Bihar, where total liquor ban has been in force since April 2016, has seen a number of hooch tragedies in quick succession over the last few months alone.
“Late Thursday night, a police team raided liquor manufacturing unit and arrested its owner Birendra alias Maina Mahto, his associates Banarsi Rai and two others,” Saran superintendent of police (SP) Santosh Kumar said. Birendra was facing at least four cases of liquor smuggling and was released from jail on December 23 last year, he said.
Following the seizure of ingredients used to make spurious liquor, the SP suspended the station house officer of Maker police station, Rajesh Prasad, and chowkidar of Jagdishpur village for dereliction of duty. “The chowkidar was later arrested and sent to judicial custody. His role has come under scanner on suspicions that the illegal liquor manufacturing unit ran with his connivance,” the SP said.

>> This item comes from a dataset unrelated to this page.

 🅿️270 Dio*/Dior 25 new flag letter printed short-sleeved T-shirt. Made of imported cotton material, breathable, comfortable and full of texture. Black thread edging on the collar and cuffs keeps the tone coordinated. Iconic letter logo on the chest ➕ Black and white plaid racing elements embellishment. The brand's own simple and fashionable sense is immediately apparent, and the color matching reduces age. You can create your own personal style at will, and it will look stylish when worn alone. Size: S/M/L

The raids were conducted after Saran district magistrate Rajesh Meena and SP Kumar, along with excise officials, visited one of the affected villages.
“Urmila Devi, wife of one of the deceased, Birendra Thakur, showed them a plastic container with alleged liquor which her husband brought from Jagdishpur-Janta Bazar and consumed,” said a family member.

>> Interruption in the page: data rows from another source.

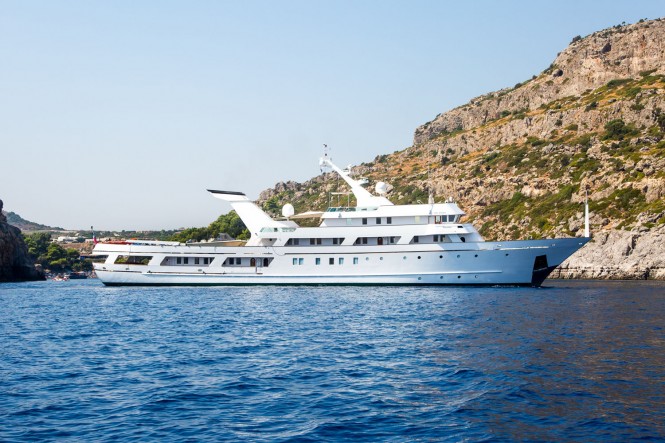 All The Reasons Why ESMERALDA is One of the Best Charter Yachts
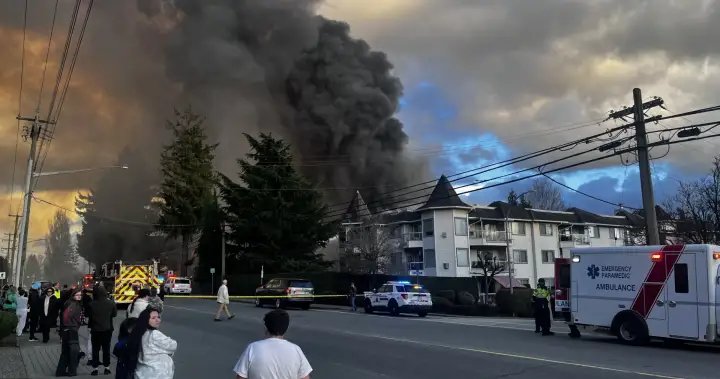 Fire engulfs Mission seniors’ home, residents forced to evacuate – BC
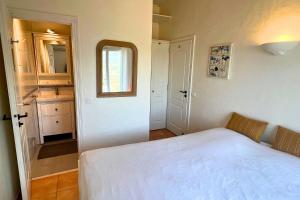 Maisons de vacances Esprit du Sud Les 4 Mousquetaires : Maison 3 Chambres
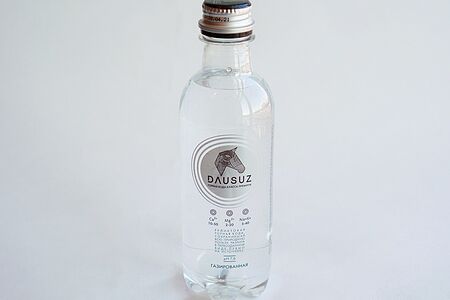 Вода Dausuz с газом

Meanwhile, there were heart-rending scenes in the affected villages.
In Parmanandpur-Chhapra falling under Amnaur police station area, Gunjan Singh, father of one of the hooch victims, Mithilesh Singh, told HT that his son had consumed liquor and died on way to the hospital on Friday morning after vomiting blood.

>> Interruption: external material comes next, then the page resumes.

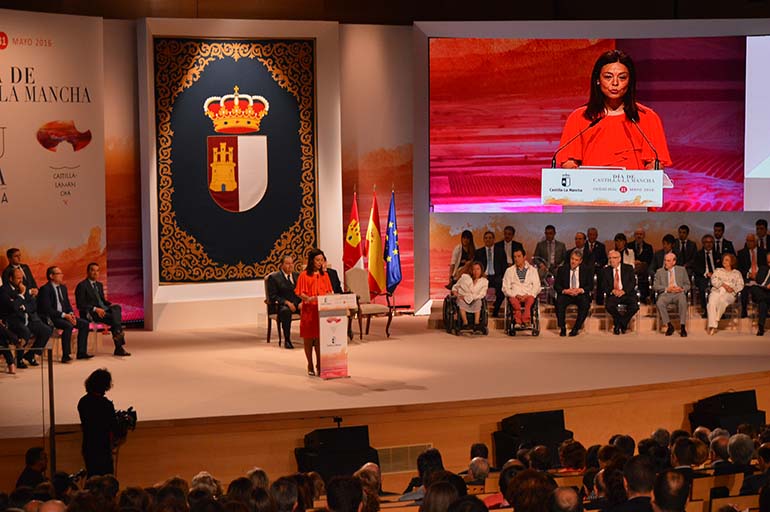 Ciudad Real Pilar Zamora muestra el orgullo de Ciudad Real por acoger el Acto de Conmemoración del Día de la Región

Another man, Suraj Kumar Rajak of Tarapur village, who was admitted to a Patna hospital after he lost his vision, died Friday morning. “My son was tired after hard physical labour and consumed liquor at Janata Bazar before coming home on Wednesday,” said Meera Devi, fighting tears.
These deaths, which occurred in a group of villages under the jurisdiction of Amnour, Maker, Bheldi and Marhaura police stations, come close on the heels of 13 hooch deaths in chief minister’s native Nalanda district last week.
As per the data provided by the state police headquarters, from January till November 2021, a total of 13,439 vehicles were caught carrying liquor in Bihar. During the same period, 4,198,523 litres of liquor were seized in the state.
Officials, however, continue to dispute hooch deaths.
Saran district magistrate Rajesh Meena said that deaths caused by spurious liquor could be proved either by investigation or medical examination. He, however, said the last rites of many of the deceased have been performed, which was proving to be an obstacle in determining the exact cause of deaths.
Earlier, Marhaura subdivisional police officer Indrajit Baitha, who visited the villages, had emphatically rejected spurious liquor as the cause behind deaths. “They might have died due to severe cold. Someone may have spread rumours over the deaths,” he had said.
Meanwhile, Satyadeo Ram, CPI (Marxist-Leninist) MLA from Darauli, the local assembly constituency where the latest hooch deaths took place, said he had visited the victims’ families and they confirmed that their kin had consumed hooch and developed complications. “Facts cannot change just because the administration as usual remains in denial mode,” he said.